When I booted the laptop it gave me the added option (along with entries for all the Debian kernels) of using my new grub entry to boot. Once I chose this, the installation got under way.
 
I only panicked once, when the downloading of software seemed to get stuck at 6 per cent for a long time; this proved to be a false alarm and the whole thing went throught to completion. Ubuntu was finally installed on the laptop.

The wireless capabilities of Ubuntu, however, proved disappointing. The wireless card I have is a NetGear WG511v2; there are no Linux drivers so one has to use a wrapper and the Windows drivers to get it to work.

On Debian, I had used a manual procedure which is outlined at this address : it worked without a problem.

On Ubuntu, there are a few, seemingly more polished, ways of doing the same thing but the results weren't as good.

I installed the necessary wrapper and some additional needed software; this resulted in a menu item called "Windows wireless drivers" being created.

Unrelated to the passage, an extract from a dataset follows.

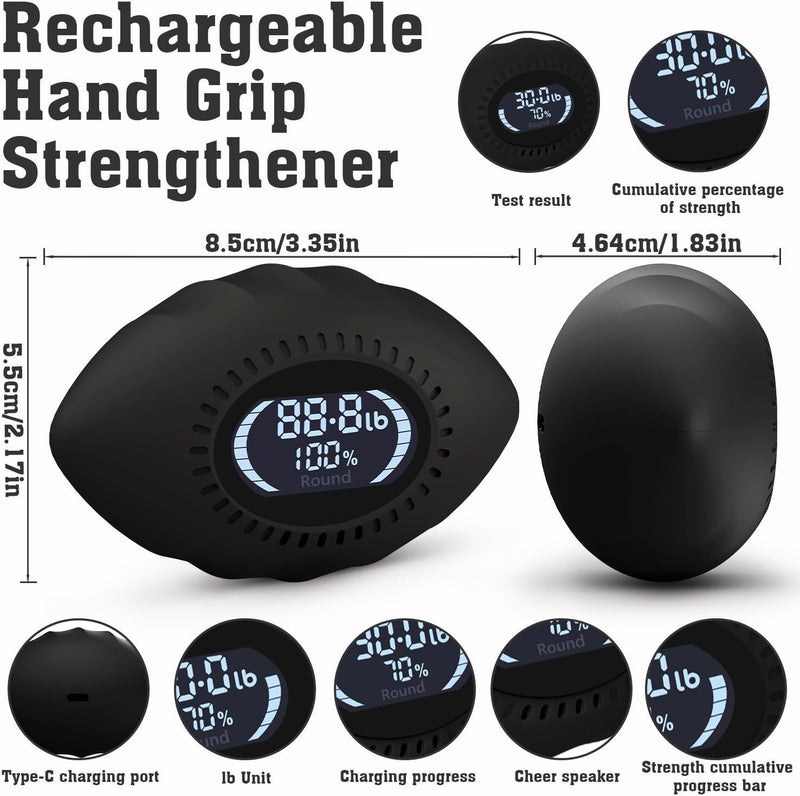 Digital Stress Relief Grip Ball for Adults & Kids, Grip Strength Tester, Hand Strength Gripper up to 220lbs, Forearm Strengthener with Progress Bars & Cheer Sound, Fitness Gift Black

I used the graphic utility that this called up to install the Netgear driver and was then presented with a puzzle after I quit and restarted the utility - there is an entry where the presence of a wireless card should be indicated but it says: "Hardware present: No."

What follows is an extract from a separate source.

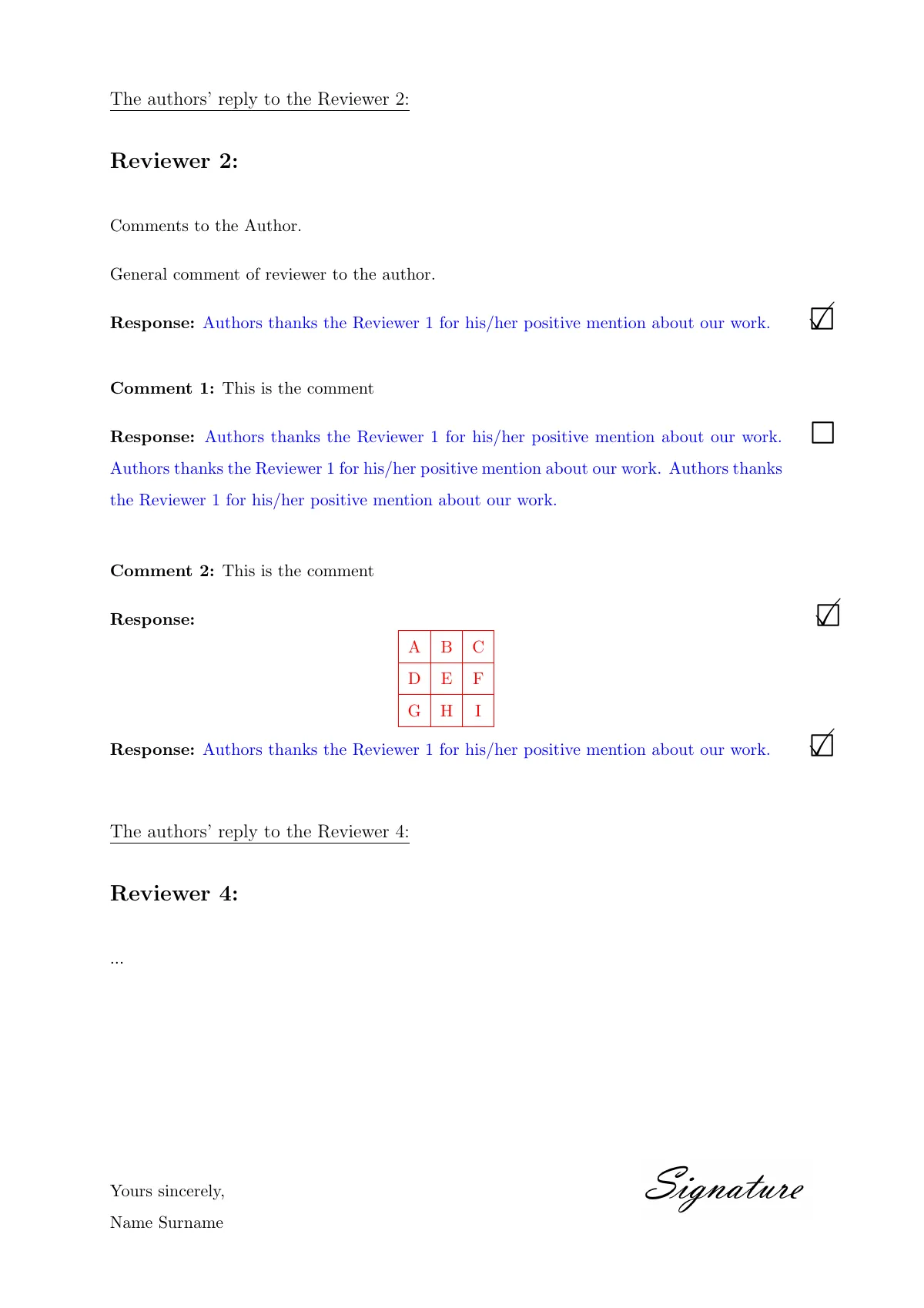 Rebuttal letter, responses to reviewers LaTeX template, page 4 of 4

The funny thing is that when I highlighted this and changed its properties (using an option titled Configure Network) to enter the IP address which I wanted the wireless card to have, it was accepted! But other required details like the encryption key and name of the wireless network, though also entered in the same place, were not accepted.

Initially when I used the laptop, I had to enter the encryption key and network name manually to go out on the net through my wireless access point.

But later I found that when I manually commented out all the settings for the ethernet card on the laptop, the wireless connection worked without any intervention!

Funny and certainly not logical. But I'll probably keep Ubuntu on the laptop until the next release (Grinning Gorilla/Gutsy Gibbon/Generous Giraffe) and see how good Ubuntu is at a seamless upgrade.